HOW TO COMPLETE THIS TASK:
Please set down, unchanged, each line from the one with "Fargo, North Dakota" to the final line of the data below, both included. Drop the pictures.

THE DATA:

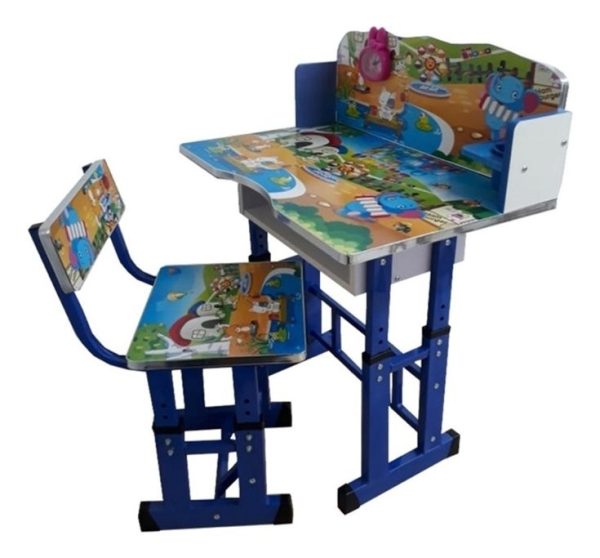 Kids Reading Table - Image 5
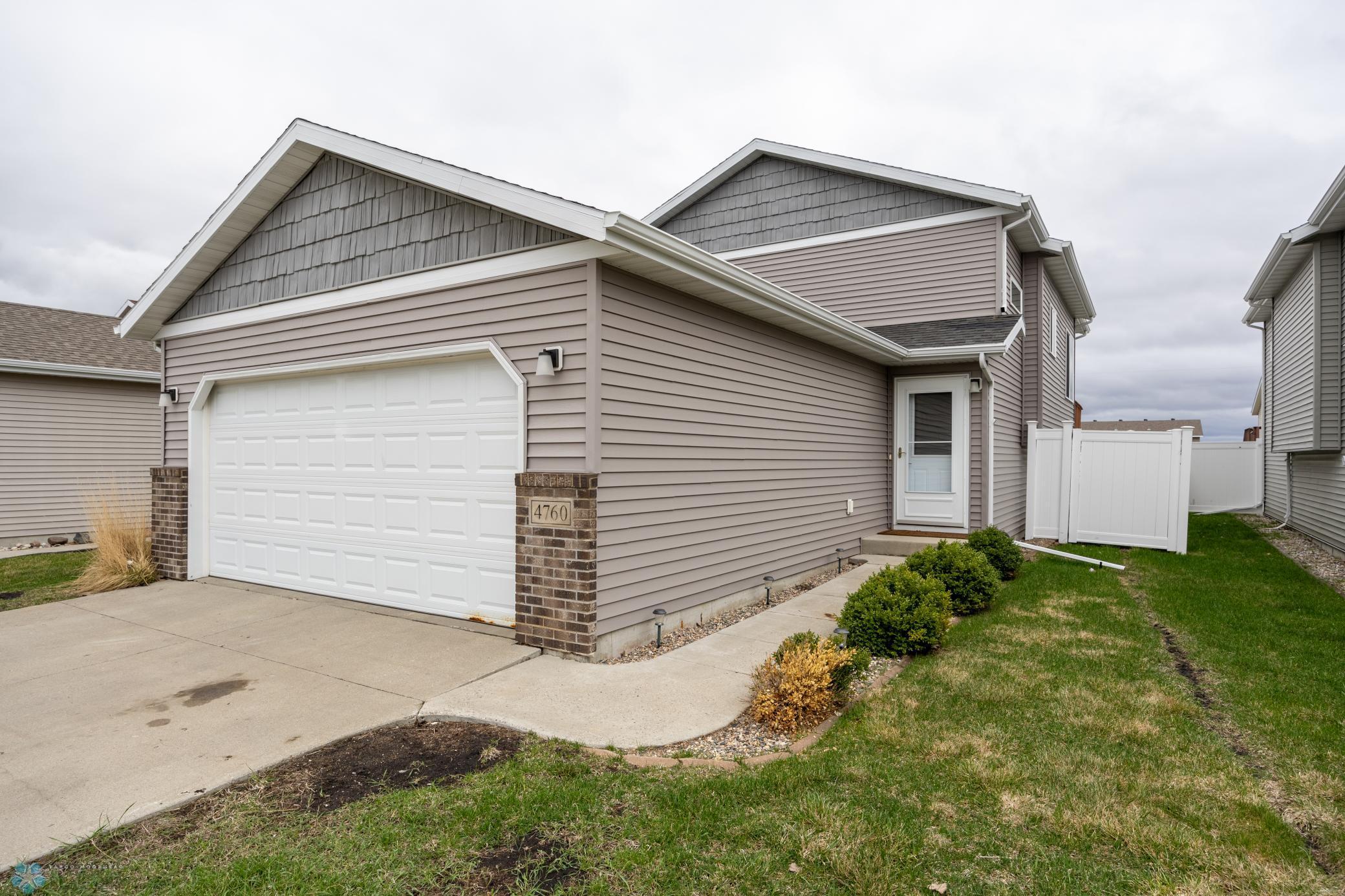 Fargo, North Dakota 58104, United States, 3 Bedrooms Bedrooms, ,2 BathroomsBathrooms,Residential,Pending,59058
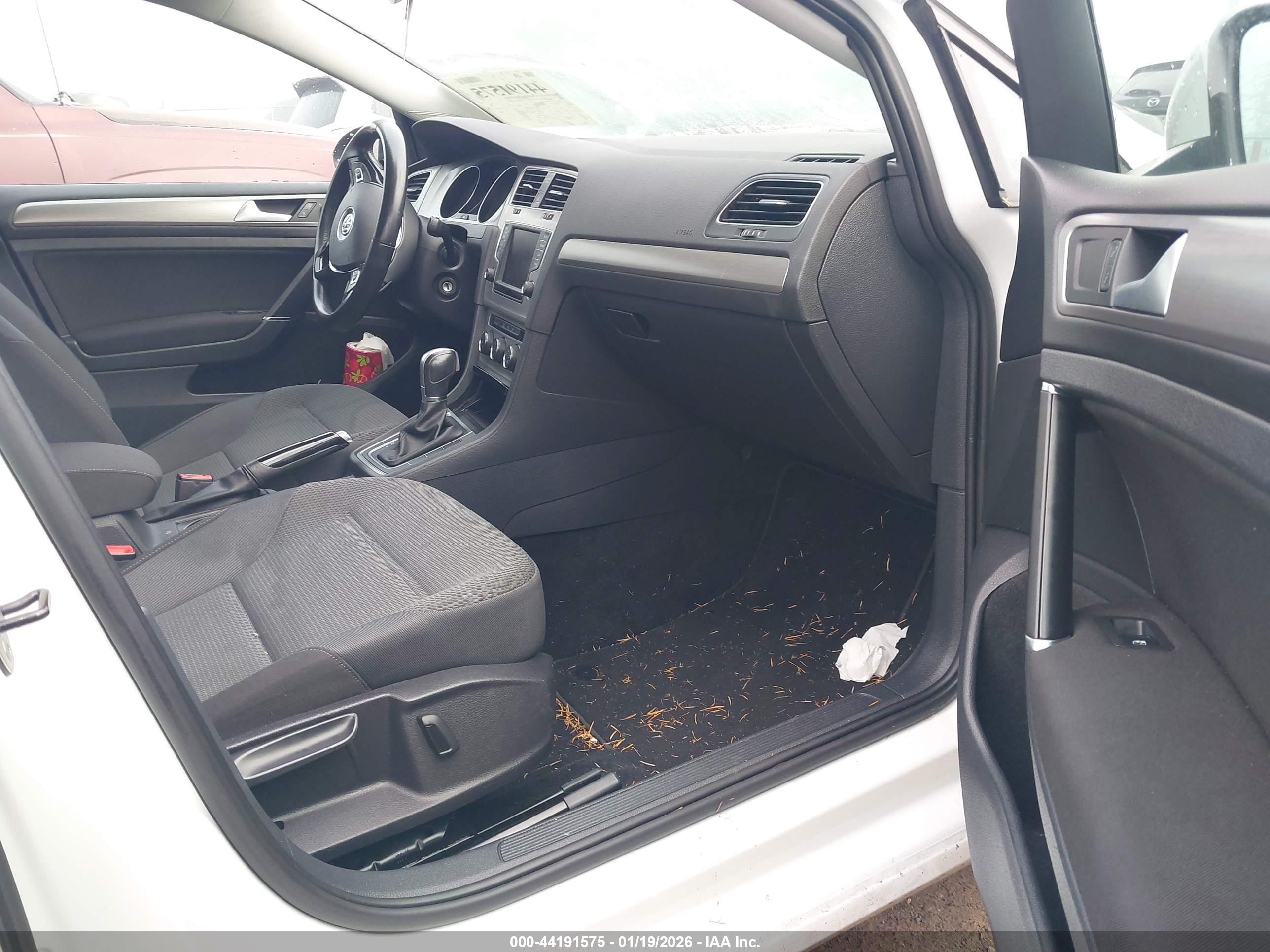 VOLKSWAGEN GOLF image 5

SOLUTION TO THIS EXERCISE:
 Fargo, North Dakota 58104, United States, 3 Bedrooms Bedrooms, ,2 BathroomsBathrooms,Residential,Pending,59058
 VOLKSWAGEN GOLF image 5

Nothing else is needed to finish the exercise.